BBGKY chain and kinetic equations for the level dynamics in an externally perturbed quantum system

TL;DR

This paper develops a nonequilibrium statistical mechanics framework for large quantum systems using the Pechukas-Yukawa formalism, deriving BBGKY equations to better describe their level dynamics under external perturbations.

Contribution

It introduces a new kinetic approach based on BBGKY hierarchy for the energy level dynamics in quantum systems, extending the Pechukas-Yukawa formalism to nonequilibrium conditions.

Findings

Derived BBGKY chain for the Pechukas gas.

Established kinetic equations with controlled approximations.

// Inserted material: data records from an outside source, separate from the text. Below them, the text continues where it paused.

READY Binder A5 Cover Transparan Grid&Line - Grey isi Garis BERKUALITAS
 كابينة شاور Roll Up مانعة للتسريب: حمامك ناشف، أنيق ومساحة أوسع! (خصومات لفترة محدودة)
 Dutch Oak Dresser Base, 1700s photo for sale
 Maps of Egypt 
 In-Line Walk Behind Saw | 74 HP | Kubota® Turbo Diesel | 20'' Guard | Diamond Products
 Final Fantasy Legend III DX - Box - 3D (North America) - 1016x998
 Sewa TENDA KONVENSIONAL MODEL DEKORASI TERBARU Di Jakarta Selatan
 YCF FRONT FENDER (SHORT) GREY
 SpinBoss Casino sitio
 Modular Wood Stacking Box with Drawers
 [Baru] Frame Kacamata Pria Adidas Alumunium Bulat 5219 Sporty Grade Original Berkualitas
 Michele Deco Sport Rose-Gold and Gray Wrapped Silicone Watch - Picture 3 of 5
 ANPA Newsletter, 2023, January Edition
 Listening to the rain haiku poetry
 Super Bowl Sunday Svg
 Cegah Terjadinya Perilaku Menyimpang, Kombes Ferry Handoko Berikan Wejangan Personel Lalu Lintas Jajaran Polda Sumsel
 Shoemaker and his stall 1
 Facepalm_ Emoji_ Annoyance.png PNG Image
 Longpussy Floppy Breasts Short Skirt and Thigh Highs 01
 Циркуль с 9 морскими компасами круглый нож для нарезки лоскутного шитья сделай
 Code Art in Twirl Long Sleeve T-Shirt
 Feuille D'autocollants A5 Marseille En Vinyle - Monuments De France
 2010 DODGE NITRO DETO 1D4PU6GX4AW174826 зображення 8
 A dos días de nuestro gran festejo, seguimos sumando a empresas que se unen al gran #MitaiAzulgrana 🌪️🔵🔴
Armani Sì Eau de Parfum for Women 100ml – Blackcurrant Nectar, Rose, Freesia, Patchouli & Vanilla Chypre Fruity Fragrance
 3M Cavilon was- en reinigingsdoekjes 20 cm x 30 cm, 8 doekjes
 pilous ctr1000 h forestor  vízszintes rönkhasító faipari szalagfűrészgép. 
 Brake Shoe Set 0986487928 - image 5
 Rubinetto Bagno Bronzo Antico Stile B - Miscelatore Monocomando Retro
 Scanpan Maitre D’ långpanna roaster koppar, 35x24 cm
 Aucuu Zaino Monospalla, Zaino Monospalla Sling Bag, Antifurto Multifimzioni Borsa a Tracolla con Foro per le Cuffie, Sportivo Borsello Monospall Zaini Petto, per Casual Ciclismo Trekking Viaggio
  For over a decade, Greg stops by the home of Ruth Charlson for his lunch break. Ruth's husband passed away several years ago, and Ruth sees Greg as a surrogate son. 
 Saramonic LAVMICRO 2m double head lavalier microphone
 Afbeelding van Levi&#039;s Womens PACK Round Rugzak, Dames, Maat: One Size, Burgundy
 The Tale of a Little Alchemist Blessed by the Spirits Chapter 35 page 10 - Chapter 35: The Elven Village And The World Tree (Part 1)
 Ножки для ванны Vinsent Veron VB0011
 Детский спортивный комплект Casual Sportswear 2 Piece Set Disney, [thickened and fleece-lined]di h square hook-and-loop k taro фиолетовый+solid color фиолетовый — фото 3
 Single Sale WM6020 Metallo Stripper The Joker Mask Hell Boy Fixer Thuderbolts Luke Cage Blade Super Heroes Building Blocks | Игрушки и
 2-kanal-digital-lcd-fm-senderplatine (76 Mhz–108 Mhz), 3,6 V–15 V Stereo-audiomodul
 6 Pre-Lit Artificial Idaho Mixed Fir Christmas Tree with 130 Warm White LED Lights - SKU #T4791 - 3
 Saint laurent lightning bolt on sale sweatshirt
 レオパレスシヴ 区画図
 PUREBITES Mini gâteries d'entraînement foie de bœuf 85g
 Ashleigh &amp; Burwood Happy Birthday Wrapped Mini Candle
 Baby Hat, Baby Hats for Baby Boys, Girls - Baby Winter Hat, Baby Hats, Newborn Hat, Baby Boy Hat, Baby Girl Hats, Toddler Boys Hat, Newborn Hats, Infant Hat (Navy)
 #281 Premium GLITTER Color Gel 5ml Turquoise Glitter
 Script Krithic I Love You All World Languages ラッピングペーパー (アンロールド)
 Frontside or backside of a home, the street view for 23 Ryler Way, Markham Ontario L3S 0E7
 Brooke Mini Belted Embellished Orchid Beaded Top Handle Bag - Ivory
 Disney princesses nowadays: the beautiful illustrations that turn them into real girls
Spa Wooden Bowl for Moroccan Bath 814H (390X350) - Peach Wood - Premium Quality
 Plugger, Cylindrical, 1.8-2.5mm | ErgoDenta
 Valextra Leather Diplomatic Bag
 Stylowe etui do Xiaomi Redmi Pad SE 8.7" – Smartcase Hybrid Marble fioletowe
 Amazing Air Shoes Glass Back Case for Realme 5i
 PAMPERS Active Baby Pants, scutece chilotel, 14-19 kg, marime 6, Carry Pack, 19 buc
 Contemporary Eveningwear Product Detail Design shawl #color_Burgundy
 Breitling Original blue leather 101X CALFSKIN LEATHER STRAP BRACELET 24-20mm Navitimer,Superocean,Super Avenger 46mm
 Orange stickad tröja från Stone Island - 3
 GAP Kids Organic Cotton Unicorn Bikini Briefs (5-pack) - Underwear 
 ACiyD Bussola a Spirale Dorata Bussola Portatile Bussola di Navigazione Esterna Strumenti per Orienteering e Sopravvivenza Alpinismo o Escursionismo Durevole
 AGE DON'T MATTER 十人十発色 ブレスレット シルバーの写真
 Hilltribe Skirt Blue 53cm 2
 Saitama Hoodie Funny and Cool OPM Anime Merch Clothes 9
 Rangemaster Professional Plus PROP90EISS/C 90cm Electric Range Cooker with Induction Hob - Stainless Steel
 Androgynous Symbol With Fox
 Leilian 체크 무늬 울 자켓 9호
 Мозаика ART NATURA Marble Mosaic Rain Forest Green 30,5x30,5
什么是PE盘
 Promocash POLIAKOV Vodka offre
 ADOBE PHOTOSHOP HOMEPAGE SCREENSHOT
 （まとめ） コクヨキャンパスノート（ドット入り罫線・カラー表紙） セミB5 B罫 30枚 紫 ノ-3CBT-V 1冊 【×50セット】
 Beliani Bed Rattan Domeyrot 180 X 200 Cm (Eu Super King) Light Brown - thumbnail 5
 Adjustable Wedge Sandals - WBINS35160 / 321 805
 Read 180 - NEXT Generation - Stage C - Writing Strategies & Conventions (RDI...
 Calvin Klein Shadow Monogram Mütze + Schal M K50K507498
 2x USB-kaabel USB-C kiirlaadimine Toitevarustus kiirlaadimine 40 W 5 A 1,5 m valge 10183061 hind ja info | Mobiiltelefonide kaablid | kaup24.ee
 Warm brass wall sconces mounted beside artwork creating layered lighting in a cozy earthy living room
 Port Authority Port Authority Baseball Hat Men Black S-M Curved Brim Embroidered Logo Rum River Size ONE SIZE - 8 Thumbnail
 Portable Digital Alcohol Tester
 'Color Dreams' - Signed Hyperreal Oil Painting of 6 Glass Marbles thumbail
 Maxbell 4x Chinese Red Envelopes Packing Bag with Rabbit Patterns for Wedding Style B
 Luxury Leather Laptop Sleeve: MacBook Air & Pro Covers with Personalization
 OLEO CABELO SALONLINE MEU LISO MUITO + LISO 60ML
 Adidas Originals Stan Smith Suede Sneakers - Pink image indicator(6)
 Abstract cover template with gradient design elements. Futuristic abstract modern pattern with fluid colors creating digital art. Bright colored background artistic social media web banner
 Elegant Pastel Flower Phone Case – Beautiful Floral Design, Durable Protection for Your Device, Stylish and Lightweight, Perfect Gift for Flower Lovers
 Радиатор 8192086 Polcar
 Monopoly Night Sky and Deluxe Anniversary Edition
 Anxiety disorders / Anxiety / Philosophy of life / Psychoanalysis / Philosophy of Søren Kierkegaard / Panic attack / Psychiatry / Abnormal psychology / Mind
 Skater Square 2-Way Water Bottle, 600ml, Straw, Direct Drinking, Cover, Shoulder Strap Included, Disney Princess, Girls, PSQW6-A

Found corrections scale as 1/N for large systems.

Abstract

Theoretical description and simulation of large quantum coherent systems out of equilibrium remains a daunting task. Here we are developing a new approach to it based on the Pechukas-Yukawa formalism, which is especially convenient in case of an adiabatically slow external perturbation. In this formalism the dynamics of energy levels in an externally perturbed quantum system as a function of the perturbation parameter is mapped on that of a fictitious one-dimensional classical gas of particles with cubic repulsion. Equilibrium statistical mechanics of this Pechukas gas allows to reproduce the random matrix theory of energy levels. In the present work, we develop the nonequilibrium statistical mechanics of the Pechukas gas, starting with the derivation of the Bogoliubov-Born-Green-Kirkwood-Yvon (BBGKY) chain of equations for the appropriate generalized distribution functions. Sets of approximate kinetic equations can be consistently obtained by breaking this chain at a particular point (i.e. approximating all higher-order distribution functions by the products of the lower-order ones). When complemented by the equations for the level occupation numbers and inter-level transition amplitudes, they allow to describe the nonequilibrium evolution of the quantum state of the system, which can describe better a large quantum coherent system than the currently used approaches. In particular, we find that corrections to the factorized approximation of the distribution function scale as 1/N, where N is the number of the "Pechukas gas particles" (i.e. energy levels in the system).